The product description for the thunderbolt 3 NVMe SSD docking station says under system requirements "MAC OS (with Intel CPU for full functionality)". What functionality is lost when connected to an Apple CPU Mac? Specifically a 14" MacBook Pro M1 Max in my case.
@Alex C This should be removed from the description as it is no longer an issue. In testing before launch there was a minor difference in firmware and this was added as a caution but the issue was rapidly fixed.
Thank you. Still, I would like to know what it was (since it's still there in the description). One question specifically: will it charge my laptop (14" MacBook Pro with M1 Max) -- I saw reports online that the dock failed to power an Apple silicon MacBook Pro 16". Thank you.
@Alex C Actually, I think that was the issue! It was fixed.

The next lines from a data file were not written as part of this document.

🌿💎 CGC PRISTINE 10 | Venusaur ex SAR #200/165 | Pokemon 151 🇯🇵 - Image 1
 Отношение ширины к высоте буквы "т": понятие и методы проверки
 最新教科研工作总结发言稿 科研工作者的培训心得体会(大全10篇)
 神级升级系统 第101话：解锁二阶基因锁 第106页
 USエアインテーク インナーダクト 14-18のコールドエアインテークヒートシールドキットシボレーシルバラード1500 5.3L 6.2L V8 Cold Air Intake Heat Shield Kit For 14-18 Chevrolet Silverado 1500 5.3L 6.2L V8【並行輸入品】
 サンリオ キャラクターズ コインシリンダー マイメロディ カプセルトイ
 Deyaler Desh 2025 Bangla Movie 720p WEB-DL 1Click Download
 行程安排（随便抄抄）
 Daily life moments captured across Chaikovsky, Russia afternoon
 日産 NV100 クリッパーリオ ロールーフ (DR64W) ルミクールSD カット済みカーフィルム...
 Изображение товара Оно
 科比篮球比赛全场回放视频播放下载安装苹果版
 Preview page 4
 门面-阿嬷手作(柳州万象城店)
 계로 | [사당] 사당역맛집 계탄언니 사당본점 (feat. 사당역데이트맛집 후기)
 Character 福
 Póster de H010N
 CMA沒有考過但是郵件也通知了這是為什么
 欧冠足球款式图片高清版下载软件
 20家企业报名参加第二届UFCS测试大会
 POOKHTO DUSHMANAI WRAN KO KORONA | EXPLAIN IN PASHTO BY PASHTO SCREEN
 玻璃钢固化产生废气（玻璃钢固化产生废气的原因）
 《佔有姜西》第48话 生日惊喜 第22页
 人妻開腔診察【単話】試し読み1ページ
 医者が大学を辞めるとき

Thank you so much. One last question -- which m.2 SSDs are included in the 8 and 16tb configurations? In last year's review of the 8tb version, StorageReview mentions QLC nand, so I'm guessing that would be two sticks of Sabrent 4TB QLC Gen. 3 NVMe SSD (model SB-RKTQ-4TB). Is that what's still coming by default? Asking because that model is out of stock everywhere (your own site, Amazon, B&H, etc.) so wondering if you replaced them in the dock as well.
@Alex C We used the Rocket Q in these, that's correct. These would be old stock at this point. I see all four versions (2TB/4TB/8TB/16TB) of the DS-SKRT in stock at Amazon U.S., though. These can be hard to get.
You can also put your own drives into it. We've been asked to make a bare model and we've been looking into that for TB4/USB4, but currently you would have to secure the lowest model and install yourself.